* Aim of the exercise *
Output the data word for word, dropping every image.

[Supplied data Boundary: Start]

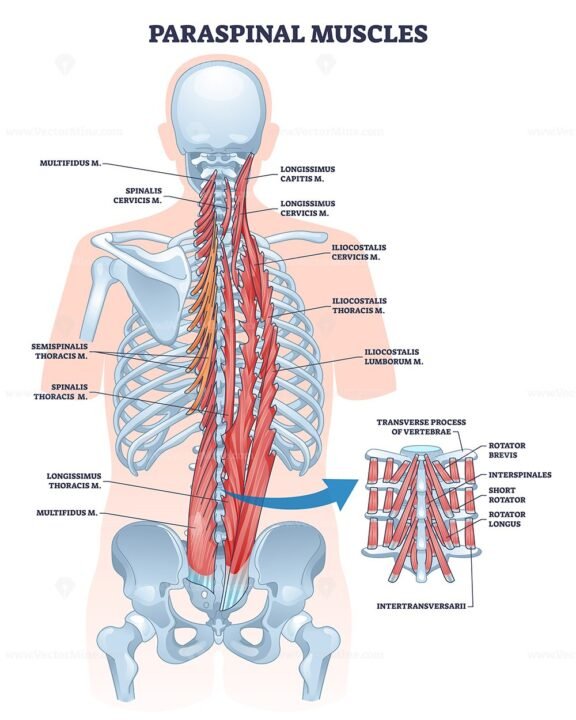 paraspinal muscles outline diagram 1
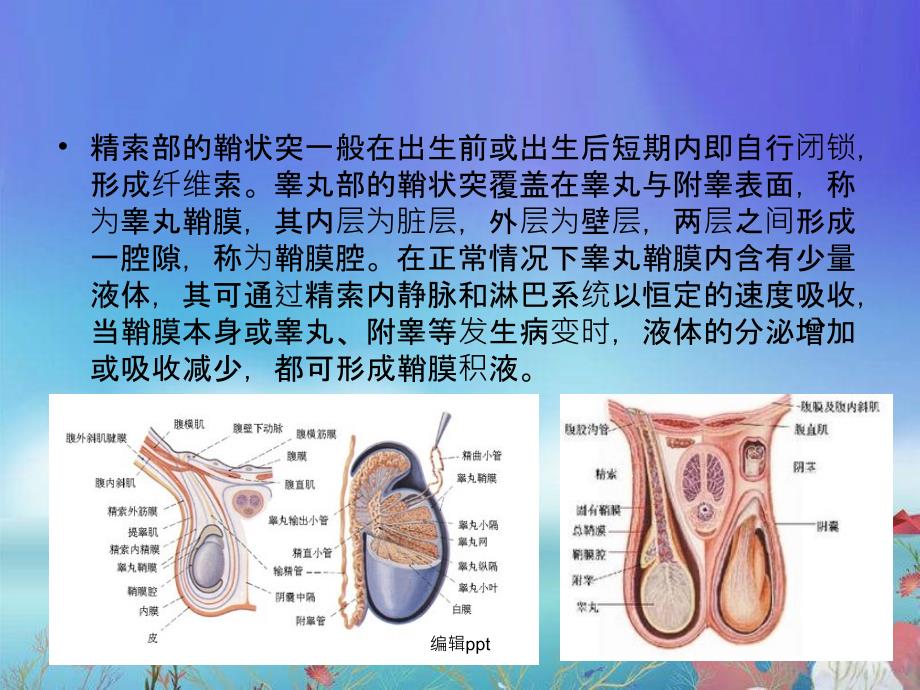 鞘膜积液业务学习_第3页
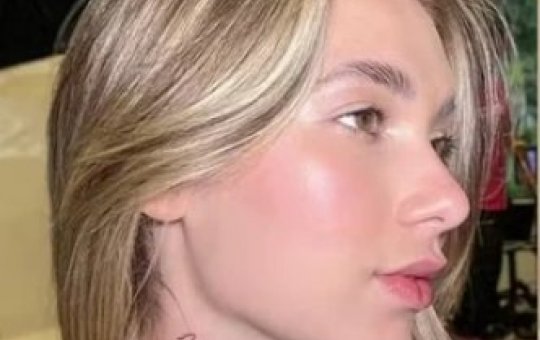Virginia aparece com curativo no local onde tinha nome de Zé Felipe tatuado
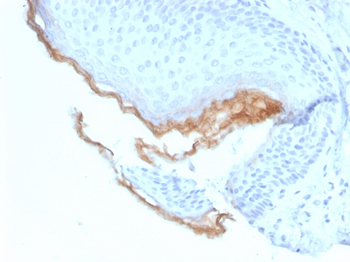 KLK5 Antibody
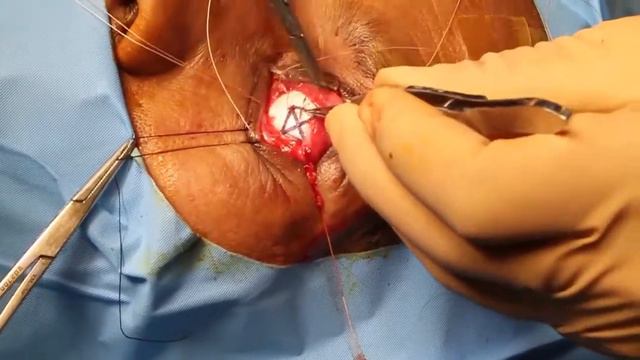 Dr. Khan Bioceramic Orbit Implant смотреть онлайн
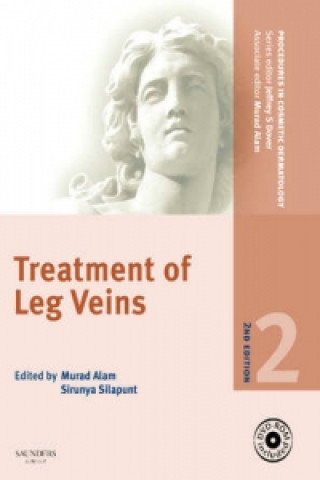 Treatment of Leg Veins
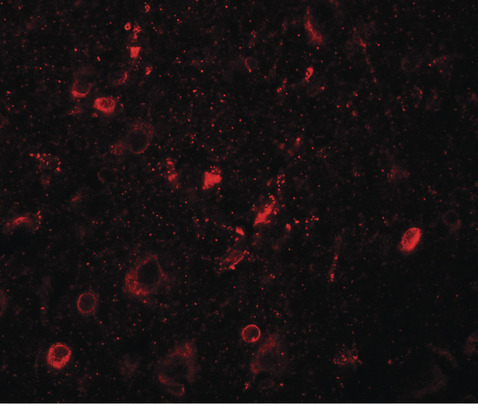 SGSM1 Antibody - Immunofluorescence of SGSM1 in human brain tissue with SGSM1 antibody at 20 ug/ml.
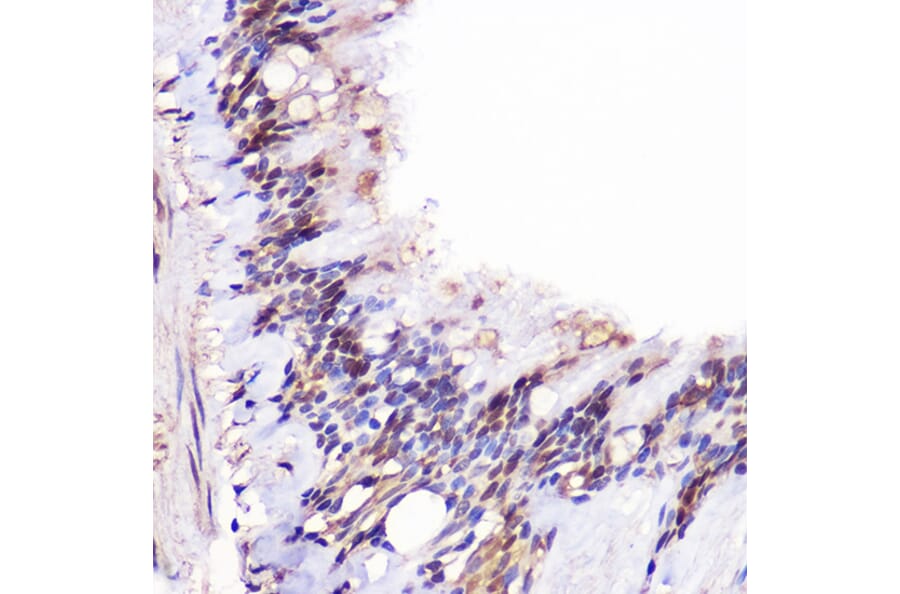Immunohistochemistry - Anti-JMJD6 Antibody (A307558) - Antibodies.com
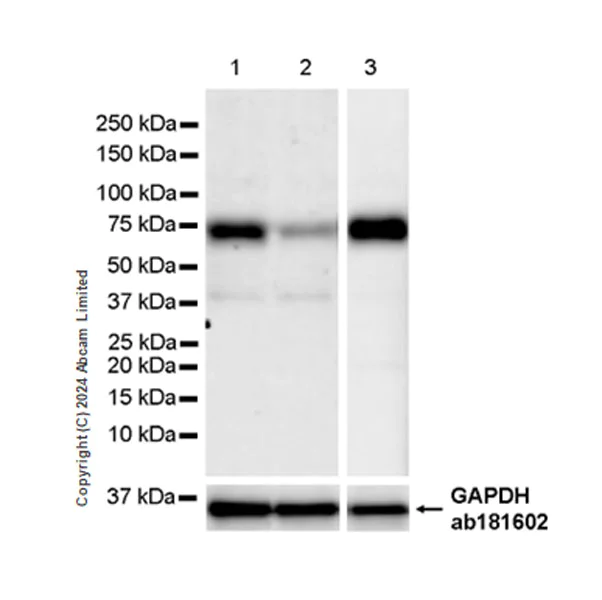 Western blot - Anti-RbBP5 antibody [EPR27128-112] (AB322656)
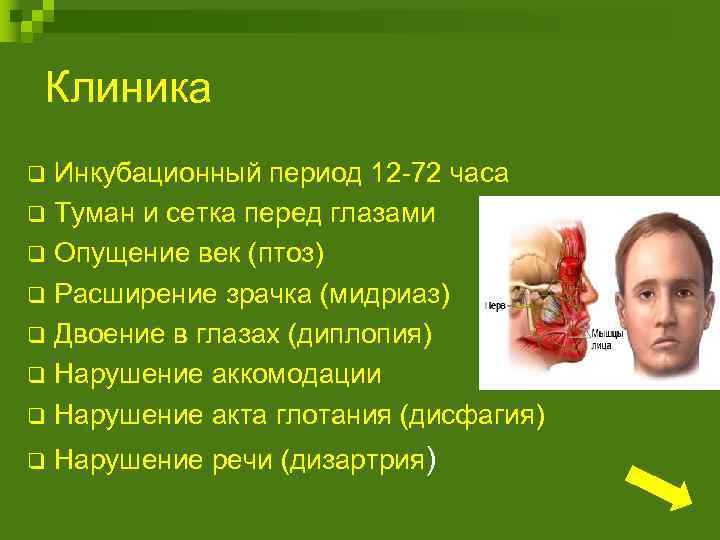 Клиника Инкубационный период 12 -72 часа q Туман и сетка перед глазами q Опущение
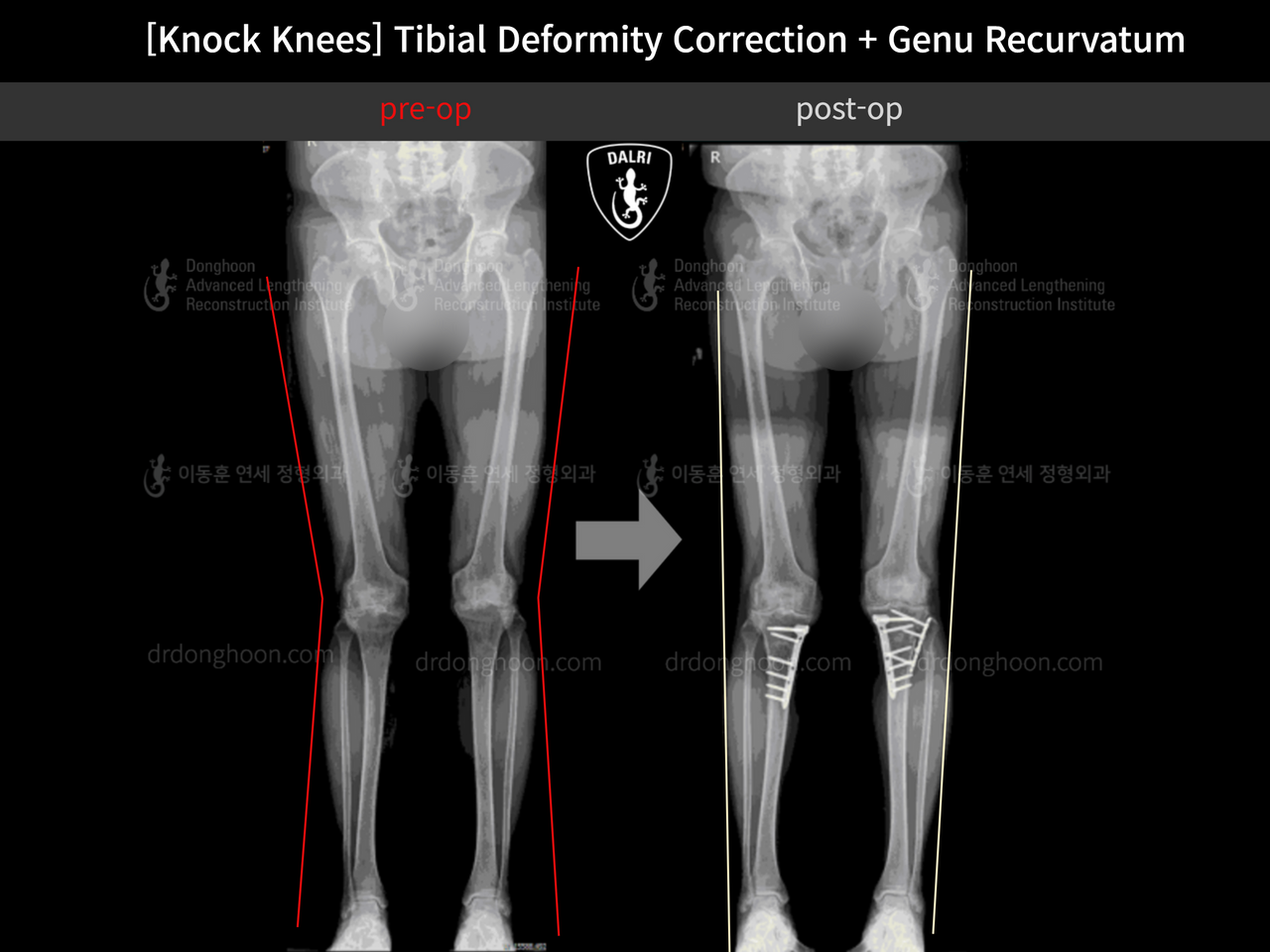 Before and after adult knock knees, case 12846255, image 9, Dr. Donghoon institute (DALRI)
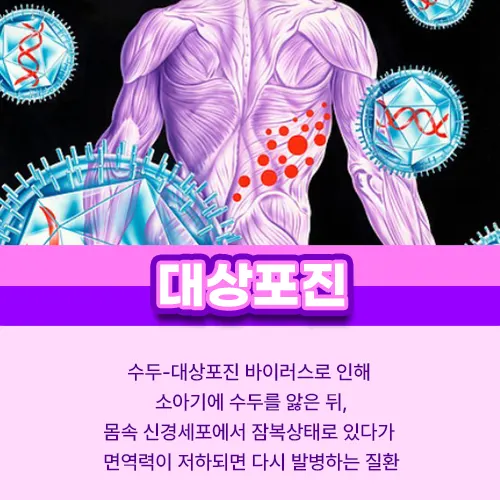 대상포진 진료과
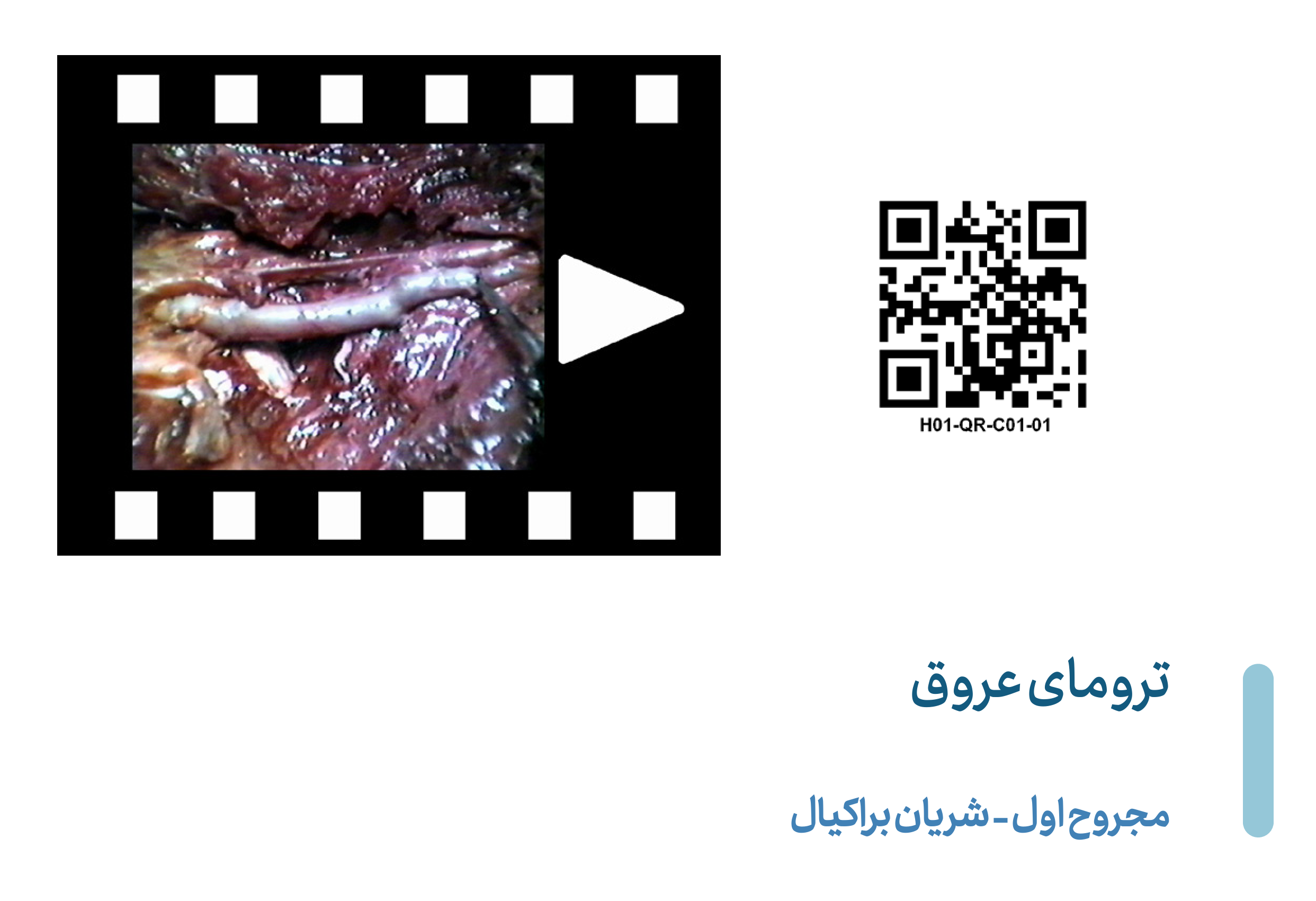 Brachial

[Supplied data Boundary: End]

* Answer to this exercise *
 paraspinal muscles outline diagram 1
 鞘膜积液业务学习_第3页
Virginia aparece com curativo no local onde tinha nome de Zé Felipe tatuado
 KLK5 Antibody
 Dr. Khan Bioceramic Orbit Implant смотреть онлайн
 Treatment of Leg Veins
 SGSM1 Antibody - Immunofluorescence of SGSM1 in human brain tissue with SGSM1 antibody at 20 ug/ml.
Immunohistochemistry - Anti-JMJD6 Antibody (A307558) - Antibodies.com
 Western blot - Anti-RbBP5 antibody [EPR27128-112] (AB322656)
 Клиника Инкубационный период 12 -72 часа q Туман и сетка перед глазами q Опущение
 Before and after adult knock knees, case 12846255, image 9, Dr. Donghoon institute (DALRI)
 대상포진 진료과
 Brachial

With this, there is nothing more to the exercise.